Records provided –
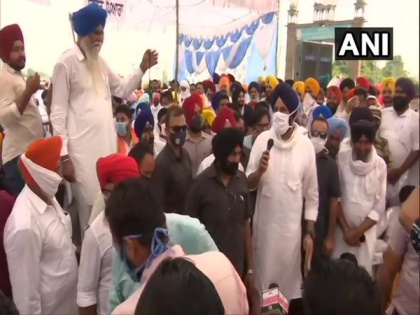 Farm Bills: SAD leader Bikram Singh Majithia attends protest in Amritsar | Farm Bills: SAD leader Bikram Singh Majithia attends protest in Amritsar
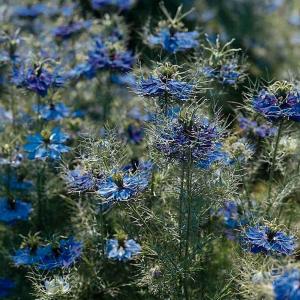 国華園 種 花たね ニゲラ ダークブルー 1袋(1000mg) / 花の種 通販 花種 はなたね クロタネソウ 黒種草 糸状葉 ユニークな実 縞模様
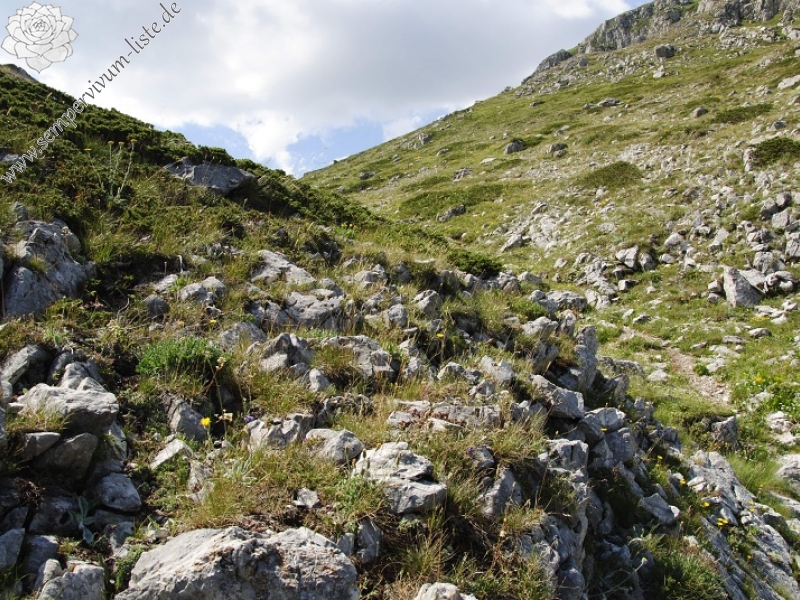 ciliosum ssp. ciliosum (galicicum) from Tepeno, östl. Abhang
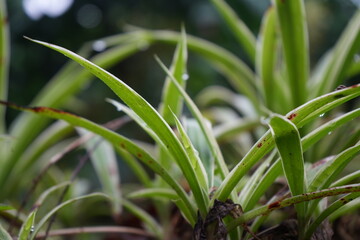 Obraz premium grass with dew drops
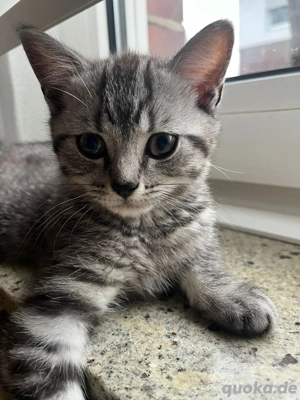 Kitten 12 Wochen 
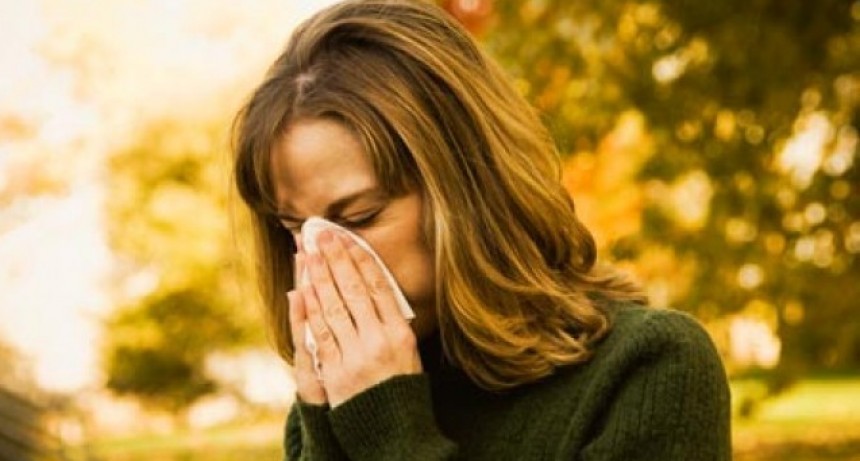 5 alergias típicas del otoño y cómo evitar sus síntomas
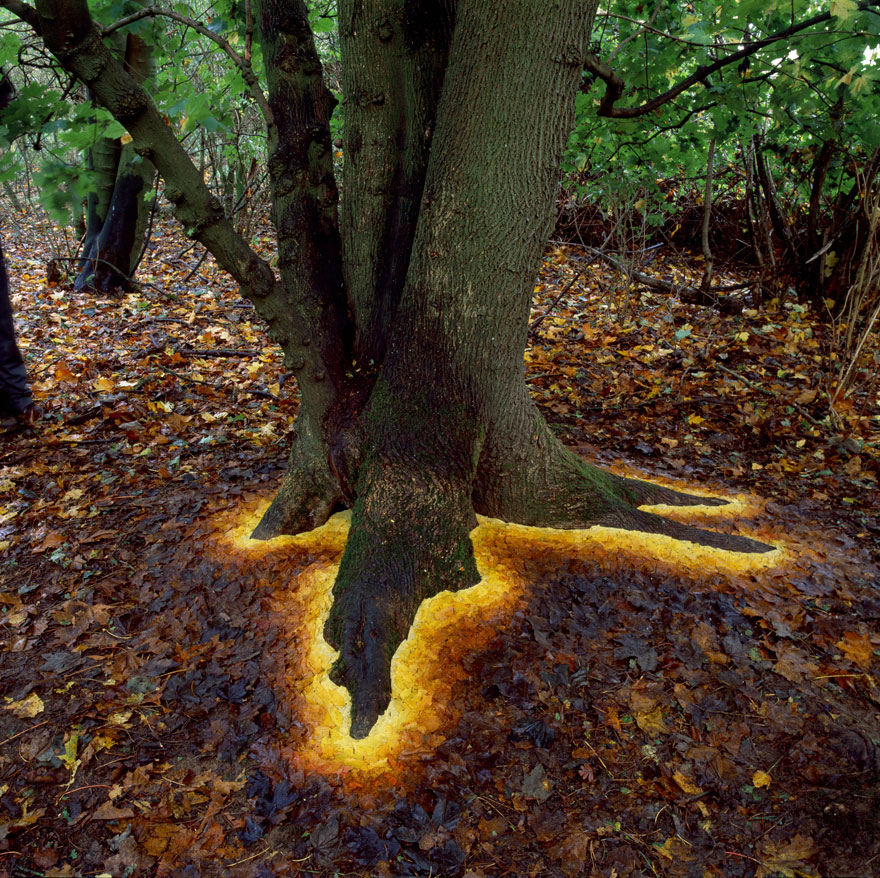 arte-terrestre-andy-goldsworthy (12)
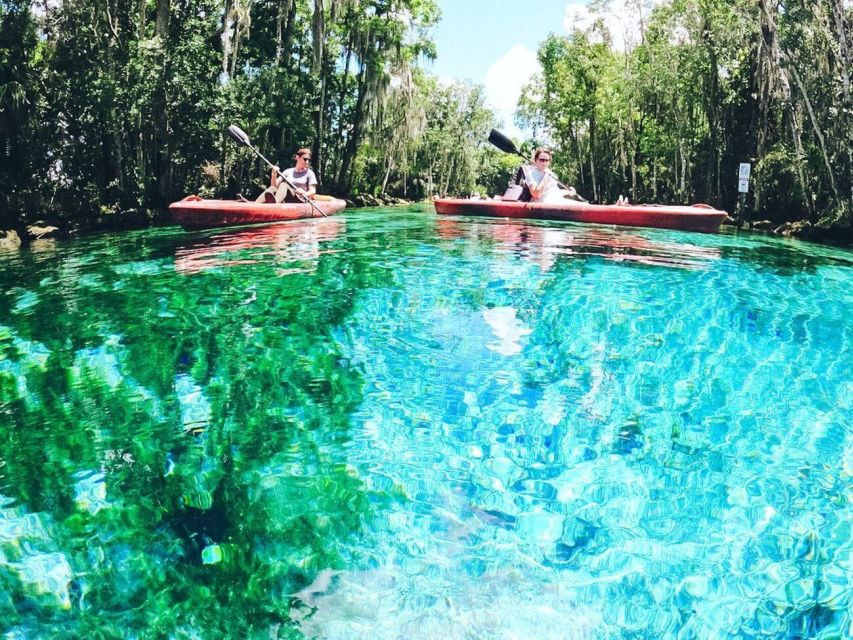 Crystal River: Kayak Rental - The Sum Up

What you will do – Lines from the start of the material through the line containing "Obraz premium grass with dew drops" are to be restated word for word; no picture may be included.

The completed task –
 Farm Bills: SAD leader Bikram Singh Majithia attends protest in Amritsar | Farm Bills: SAD leader Bikram Singh Majithia attends protest in Amritsar
 国華園 種 花たね ニゲラ ダークブルー 1袋(1000mg) / 花の種 通販 花種 はなたね クロタネソウ 黒種草 糸状葉 ユニークな実 縞模様
 ciliosum ssp. ciliosum (galicicum) from Tepeno, östl. Abhang
 Obraz premium grass with dew drops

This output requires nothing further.